石田三成が、西軍に加担させるための策として、大坂・京都在住の諸大名の妻子人質策を開始するが、幽斎の子細川忠興の妻細川玉(細川ガラシャ)が大坂玉造の屋敷で死をもって抵抗した。
人質策は完全に裏目となり、これを契機として、たちまち形勢は東軍に傾いた。
起死回生をはかるべく、石田は、細川忠興の所領丹後を攻めさせる。
(関が原戦に先立って石田三成が攻めさせた城は、大坂から関東方面までの重要な経路に位置する伏見城と大津城そして田辺城のみ。戦略からみて、家康攻めの経路にない田辺城を攻めたのは不可解とされているが、忠興との軋轢に加え、この細川ガラシャの死による形勢の逆転の影響は計り知れない)
細川忠興がすでに5000の軍勢を率いて上杉景勝と対峙するべく会津に向けて参陣しているのは計算づくのことだ。
そこで忠興の父幽斎は、隠居の身ながら意を決して奮起する。
田辺城は、南に山城との国境になる山を背負い、山地から流れ出る高野川が城の西で海に注ぎ、北の正面には海が拡がるという地形(栄華をつかんだ文武両道の才 細川幽斎 春名徹著 PHP文庫参照)になっており多勢に無勢の逆境のなかで持久戦に持ち込むには効率のよい規模である。
幽斎は、守備を田辺城と決め、細川家の本拠としていた宮津城をはじめ久美、嶺山(峰山)の城をすべて焼き払い、忠興の家族や家臣たちをすべて田辺城に集めた。

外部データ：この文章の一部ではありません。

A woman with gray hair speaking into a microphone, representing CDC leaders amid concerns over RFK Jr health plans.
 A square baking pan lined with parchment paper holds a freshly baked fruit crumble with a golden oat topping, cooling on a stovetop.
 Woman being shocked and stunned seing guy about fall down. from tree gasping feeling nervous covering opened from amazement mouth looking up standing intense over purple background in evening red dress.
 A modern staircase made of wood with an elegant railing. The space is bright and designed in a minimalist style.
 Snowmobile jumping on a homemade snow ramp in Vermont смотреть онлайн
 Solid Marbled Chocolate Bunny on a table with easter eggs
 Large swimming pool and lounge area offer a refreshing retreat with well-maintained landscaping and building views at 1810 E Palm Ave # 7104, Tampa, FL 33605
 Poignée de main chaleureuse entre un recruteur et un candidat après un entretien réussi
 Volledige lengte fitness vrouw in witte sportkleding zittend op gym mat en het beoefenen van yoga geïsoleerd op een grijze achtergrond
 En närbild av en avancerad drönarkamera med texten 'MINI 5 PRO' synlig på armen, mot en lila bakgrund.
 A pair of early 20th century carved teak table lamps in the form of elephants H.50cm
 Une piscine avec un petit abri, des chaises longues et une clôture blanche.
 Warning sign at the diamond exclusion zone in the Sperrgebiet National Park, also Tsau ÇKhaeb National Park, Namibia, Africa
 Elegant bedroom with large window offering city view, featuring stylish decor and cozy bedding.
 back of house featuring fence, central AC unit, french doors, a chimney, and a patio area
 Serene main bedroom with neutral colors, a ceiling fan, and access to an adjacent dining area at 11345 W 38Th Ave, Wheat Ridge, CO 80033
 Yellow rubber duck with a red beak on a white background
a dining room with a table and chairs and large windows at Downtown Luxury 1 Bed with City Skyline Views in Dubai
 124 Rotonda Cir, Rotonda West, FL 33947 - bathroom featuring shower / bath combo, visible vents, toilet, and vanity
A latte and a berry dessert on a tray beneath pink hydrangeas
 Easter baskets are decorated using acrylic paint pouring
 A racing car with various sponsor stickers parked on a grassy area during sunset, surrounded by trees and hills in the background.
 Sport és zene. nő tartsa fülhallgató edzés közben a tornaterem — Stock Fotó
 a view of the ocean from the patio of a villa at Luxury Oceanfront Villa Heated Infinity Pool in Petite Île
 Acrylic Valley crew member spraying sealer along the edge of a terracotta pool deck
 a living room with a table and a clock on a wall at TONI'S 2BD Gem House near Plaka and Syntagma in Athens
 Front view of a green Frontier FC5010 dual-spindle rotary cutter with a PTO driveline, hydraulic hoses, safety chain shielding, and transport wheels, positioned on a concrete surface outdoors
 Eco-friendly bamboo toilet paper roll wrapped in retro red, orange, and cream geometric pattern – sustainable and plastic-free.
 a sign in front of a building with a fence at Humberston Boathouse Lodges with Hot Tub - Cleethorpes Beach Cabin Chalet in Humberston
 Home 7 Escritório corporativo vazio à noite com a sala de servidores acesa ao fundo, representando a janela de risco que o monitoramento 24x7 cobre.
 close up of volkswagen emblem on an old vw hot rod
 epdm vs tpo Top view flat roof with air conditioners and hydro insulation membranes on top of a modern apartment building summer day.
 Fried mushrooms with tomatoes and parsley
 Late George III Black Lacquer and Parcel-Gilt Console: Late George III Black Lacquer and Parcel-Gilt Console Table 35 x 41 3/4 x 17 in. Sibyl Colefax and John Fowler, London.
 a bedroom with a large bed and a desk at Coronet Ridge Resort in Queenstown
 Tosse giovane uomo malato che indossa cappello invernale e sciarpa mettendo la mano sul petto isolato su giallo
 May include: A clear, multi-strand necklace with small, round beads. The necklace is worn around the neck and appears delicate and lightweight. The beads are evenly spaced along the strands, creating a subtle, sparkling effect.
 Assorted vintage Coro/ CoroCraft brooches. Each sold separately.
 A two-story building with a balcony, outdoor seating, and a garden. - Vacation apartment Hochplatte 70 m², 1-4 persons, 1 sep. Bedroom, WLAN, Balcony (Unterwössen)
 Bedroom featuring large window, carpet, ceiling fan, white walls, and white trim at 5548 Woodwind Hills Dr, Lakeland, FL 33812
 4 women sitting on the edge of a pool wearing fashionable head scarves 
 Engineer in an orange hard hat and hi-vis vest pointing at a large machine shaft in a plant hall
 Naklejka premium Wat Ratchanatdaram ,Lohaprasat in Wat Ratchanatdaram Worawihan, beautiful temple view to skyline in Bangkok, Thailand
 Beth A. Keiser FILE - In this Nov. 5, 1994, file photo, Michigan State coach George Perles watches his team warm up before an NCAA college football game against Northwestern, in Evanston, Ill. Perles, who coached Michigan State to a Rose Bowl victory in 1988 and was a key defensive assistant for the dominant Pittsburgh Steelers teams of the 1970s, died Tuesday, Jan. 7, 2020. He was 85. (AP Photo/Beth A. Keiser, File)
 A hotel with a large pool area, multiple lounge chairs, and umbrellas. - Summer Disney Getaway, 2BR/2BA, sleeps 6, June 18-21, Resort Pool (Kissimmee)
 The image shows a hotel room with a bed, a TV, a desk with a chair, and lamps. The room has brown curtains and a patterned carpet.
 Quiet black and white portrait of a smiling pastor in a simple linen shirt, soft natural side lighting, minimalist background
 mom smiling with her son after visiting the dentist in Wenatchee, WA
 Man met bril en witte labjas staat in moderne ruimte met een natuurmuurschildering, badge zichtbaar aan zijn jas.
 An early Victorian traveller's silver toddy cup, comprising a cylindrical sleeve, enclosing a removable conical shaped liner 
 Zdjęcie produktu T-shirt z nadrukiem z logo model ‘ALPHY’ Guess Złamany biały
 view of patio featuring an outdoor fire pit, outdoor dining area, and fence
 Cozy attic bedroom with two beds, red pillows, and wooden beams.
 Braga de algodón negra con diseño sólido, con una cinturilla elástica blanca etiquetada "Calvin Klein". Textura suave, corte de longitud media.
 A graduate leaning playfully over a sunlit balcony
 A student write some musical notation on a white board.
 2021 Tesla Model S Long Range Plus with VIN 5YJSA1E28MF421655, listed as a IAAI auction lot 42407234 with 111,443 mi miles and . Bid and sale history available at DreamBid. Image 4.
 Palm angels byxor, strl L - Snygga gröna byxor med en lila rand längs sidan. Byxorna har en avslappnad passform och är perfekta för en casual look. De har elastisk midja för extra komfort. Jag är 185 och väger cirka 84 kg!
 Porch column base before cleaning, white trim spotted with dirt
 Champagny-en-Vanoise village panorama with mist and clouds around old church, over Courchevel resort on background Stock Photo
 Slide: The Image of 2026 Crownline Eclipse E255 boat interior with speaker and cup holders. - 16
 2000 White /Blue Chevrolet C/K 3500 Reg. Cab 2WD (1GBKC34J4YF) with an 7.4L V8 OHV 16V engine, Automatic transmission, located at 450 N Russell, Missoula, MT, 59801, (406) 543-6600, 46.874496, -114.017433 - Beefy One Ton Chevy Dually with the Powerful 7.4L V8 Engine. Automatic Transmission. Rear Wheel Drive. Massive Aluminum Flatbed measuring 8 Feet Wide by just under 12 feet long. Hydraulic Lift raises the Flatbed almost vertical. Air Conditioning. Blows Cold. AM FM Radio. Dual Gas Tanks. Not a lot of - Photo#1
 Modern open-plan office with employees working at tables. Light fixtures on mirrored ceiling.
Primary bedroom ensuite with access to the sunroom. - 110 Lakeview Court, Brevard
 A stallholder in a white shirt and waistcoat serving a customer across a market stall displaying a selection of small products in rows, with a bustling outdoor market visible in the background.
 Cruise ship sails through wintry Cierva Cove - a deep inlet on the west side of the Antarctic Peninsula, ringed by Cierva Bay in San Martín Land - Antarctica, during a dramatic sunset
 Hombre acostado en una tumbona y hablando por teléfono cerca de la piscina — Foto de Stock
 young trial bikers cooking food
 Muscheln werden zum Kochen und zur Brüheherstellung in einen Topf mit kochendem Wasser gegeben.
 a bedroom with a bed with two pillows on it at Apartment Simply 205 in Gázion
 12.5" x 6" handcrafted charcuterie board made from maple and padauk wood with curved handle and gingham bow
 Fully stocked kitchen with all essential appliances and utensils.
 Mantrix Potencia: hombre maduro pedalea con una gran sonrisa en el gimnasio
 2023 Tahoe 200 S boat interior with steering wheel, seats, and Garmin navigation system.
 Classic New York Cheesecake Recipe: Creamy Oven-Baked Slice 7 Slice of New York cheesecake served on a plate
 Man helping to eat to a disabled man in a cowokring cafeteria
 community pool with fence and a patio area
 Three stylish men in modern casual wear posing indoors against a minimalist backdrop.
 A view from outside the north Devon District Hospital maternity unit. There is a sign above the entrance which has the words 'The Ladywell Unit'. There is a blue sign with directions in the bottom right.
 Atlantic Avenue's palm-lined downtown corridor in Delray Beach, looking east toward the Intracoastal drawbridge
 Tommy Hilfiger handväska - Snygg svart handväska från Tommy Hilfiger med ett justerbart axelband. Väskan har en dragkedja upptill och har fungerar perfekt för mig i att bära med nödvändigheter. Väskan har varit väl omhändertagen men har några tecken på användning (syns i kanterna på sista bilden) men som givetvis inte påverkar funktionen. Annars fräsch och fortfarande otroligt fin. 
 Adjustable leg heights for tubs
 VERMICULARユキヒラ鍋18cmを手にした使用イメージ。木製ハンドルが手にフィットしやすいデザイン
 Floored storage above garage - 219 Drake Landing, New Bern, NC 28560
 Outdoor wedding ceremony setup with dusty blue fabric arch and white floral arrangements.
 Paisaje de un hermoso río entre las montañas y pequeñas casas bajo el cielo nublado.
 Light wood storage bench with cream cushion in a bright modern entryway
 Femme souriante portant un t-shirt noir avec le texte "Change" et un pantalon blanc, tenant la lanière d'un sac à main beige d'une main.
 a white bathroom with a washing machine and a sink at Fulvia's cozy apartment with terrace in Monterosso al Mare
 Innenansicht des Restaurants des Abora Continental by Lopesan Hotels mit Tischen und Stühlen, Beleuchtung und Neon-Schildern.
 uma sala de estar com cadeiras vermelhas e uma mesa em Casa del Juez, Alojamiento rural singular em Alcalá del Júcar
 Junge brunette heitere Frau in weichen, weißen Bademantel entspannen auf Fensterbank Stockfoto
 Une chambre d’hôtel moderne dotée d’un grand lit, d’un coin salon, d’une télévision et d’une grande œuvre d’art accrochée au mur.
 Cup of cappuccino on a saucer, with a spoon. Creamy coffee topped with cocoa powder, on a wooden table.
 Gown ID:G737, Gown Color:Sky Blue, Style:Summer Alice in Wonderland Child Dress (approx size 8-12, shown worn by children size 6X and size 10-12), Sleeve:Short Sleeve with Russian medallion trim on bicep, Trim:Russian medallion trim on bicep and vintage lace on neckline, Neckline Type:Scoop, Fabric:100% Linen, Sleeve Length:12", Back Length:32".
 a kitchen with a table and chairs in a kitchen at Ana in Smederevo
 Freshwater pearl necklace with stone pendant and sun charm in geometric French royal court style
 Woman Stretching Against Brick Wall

幽斎方の兵の数はわずか500。一方、石田軍の軍勢は総勢25000。
圧倒的不利な情勢のなか幽斎は、大いに求心力を発揮し、獅子奮迅の防戦を繰り広げ、関が原の合戦直前まで田辺城に籠城し、25000の軍勢をここ田辺に留めぬいたのだ。

家康の幽斎への賛辞は、このことを指す。たしかに田辺城があっけなく陥落し、この25000の軍勢がその足で関が原に向かっていれば、果たして小早川秀秋はどう動いたか。
そう。歴史は変わっていたかもしれない。

田辺城籠城の際に、幽斎が発句した有名な歌がある。

いにしへも今もかはらぬ世の中に
       こころの種を 残す言の葉

(変わらない悠久の時の流れの中に、和歌は言葉によって心の種を残していくものです。
そのように私の歌と心も残るならば有難いことです。)
舞鶴市田辺城資料館パンフレットより


細川幽斎は、武人であるとともに文人であった。
いや、むしろ本能寺の変に際し、剃髪して織田信長に弔意を表し、家督を子忠興に譲ってからは文化人としての色彩が色濃くなった。和歌・連歌はもとより、太鼓、謡曲、乱舞、禅、茶道、書道などなど当時の文芸界においては欠かせぬ人物といわれていた。
なかでも「古今伝授」の継承者として朝廷社会においてもその名を広く知られていた。

歌の世界でその名も高い藤原定家の孫、為氏を祖とする二条家は、二条派という歌学を伝えた。だが時代がたつにつれ二条派の歌学も衰え、門弟が細々と伝統を守っているにすぎないという状態になり、やがて下野守東常縁(しもつけのかみとうのつねより)という武家が連歌師宗祇(そうぎ)に二条派の歌学を伝授した。それが「古今伝授」のはじまりとされていて、宗祇から三条西実隆(さねたか)、子の公条(きんえだ)、さらにその子の実枝(さねき)にと享けつがれた。
(幽斎玄旨 佐藤雅美著 岩波書店より)


そして三条西実枝から継承したのが細川幽斎なのだ。しかもこの世でたったひとりの「古今伝授」の継承者である。
古今伝授というのは、古今和歌集に集められている歌の解釈について、特別な秘法があり、これを文書で伝えずに、口頭で伝えるというものである(細川幽斎の経営学 童門冬二著 PHP文庫より)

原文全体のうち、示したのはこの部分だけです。